Impossible to use readers I found:
• Mifare MFRC522 ------ No RSSI
• AC3992 ------- Expensive

#### Wish Lin

##### Member
Update: After checking a bunch of datasheets, I am confident to say that there is no way RSSI can be used in this project. Back to square one now, but I do have another idea. Will update after further research.

#### CodingCuber

##### Member
I absolutely love this idea. If any and every cube could be a smart cube this would help so much with practice and seeing how you do in your solves statistically. My question is though, would there be one particular piece of software for the technology or would different companies be able to get licenses or something to develop their own software. Love the idea and wish you the best

#### Skittleskp

##### Member
This is super cool and innovative!!

#### Joe Archibald

##### Member
Couldn’t you just use 5/8 chips and put them in the corner pieces

#### Wish Lin

##### Member
Couldn’t you just use 5/8 chips and put them in the corner pieces
I thought about that too, but then you can’t detect M,E,S moves since they don’t move any corner piece.

#### kubesolver

I think the only reliable solution to make any cube i-cube is to record a cube with a camera and write some software to convert video to a move sequence. This kind of problem of tracking fast moving items in real time is very similar to what full experience VR simulators do and the
solution is to have many high speed cameras and do image recognition.

#### Wish Lin

##### Member
I think the only reliable solution to make any cube i-cube is to record a cube with a camera and write some software to convert video to a move sequence.

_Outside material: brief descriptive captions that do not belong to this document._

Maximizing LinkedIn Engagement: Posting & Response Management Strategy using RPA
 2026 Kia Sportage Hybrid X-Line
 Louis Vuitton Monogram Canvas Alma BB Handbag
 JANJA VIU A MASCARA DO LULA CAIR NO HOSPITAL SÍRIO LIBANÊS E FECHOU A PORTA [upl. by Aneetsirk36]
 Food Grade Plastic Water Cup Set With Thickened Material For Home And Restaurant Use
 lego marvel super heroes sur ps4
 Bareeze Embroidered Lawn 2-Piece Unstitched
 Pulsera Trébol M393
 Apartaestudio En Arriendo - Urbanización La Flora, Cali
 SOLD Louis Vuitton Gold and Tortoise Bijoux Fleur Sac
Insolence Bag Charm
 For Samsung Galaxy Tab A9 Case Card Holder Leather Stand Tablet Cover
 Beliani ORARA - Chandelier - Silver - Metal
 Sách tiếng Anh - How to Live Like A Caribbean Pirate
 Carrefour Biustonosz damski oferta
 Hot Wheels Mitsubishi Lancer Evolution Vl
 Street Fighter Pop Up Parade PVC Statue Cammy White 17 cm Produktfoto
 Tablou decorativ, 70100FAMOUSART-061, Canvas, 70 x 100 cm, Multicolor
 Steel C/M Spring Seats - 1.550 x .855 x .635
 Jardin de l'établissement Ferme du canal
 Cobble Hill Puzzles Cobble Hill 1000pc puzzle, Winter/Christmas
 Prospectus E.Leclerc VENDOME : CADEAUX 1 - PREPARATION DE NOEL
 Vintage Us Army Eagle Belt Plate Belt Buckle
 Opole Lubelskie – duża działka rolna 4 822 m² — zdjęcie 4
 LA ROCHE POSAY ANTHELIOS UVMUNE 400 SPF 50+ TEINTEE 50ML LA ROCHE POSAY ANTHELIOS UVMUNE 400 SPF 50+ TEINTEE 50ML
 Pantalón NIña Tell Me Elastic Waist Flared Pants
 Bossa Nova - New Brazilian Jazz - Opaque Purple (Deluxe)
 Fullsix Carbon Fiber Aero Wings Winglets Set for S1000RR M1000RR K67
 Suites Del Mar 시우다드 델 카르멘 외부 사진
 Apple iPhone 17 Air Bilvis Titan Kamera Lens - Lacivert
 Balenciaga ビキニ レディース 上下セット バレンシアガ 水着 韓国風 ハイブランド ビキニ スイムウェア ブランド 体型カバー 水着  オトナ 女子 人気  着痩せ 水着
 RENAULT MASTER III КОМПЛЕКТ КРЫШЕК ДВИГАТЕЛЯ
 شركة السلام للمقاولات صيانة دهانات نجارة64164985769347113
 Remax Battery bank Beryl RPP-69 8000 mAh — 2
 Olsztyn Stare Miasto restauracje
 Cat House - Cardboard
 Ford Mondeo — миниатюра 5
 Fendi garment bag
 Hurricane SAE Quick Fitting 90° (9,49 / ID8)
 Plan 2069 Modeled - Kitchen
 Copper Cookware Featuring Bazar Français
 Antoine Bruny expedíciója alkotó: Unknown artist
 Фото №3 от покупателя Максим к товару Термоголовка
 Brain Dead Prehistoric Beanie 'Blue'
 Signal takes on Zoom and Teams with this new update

This kind of problem of tracking fast moving items in real time is very similar to what full experience VR simulators do and the
solution is to have many high speed cameras and do image recognition.
Yes it is possible and is the only solution to literally anycube smartcube, but don’t forget that your hand will block L and R and parts of U,B,D and F, making the simple solution of N cameras pointing at N faces and analyze turns imposssible.

So the only possible solution is the computer will have to process it basically like a well trained human(Lazer0Monkey for instance) and as far as I know, such level of neural network for commercial use doesn’t exist.

(VR simulators don’t need to track a bunch of small pieces moving quickly in all three axis and its background is much, much easier to render away than some random guy’s desktop.)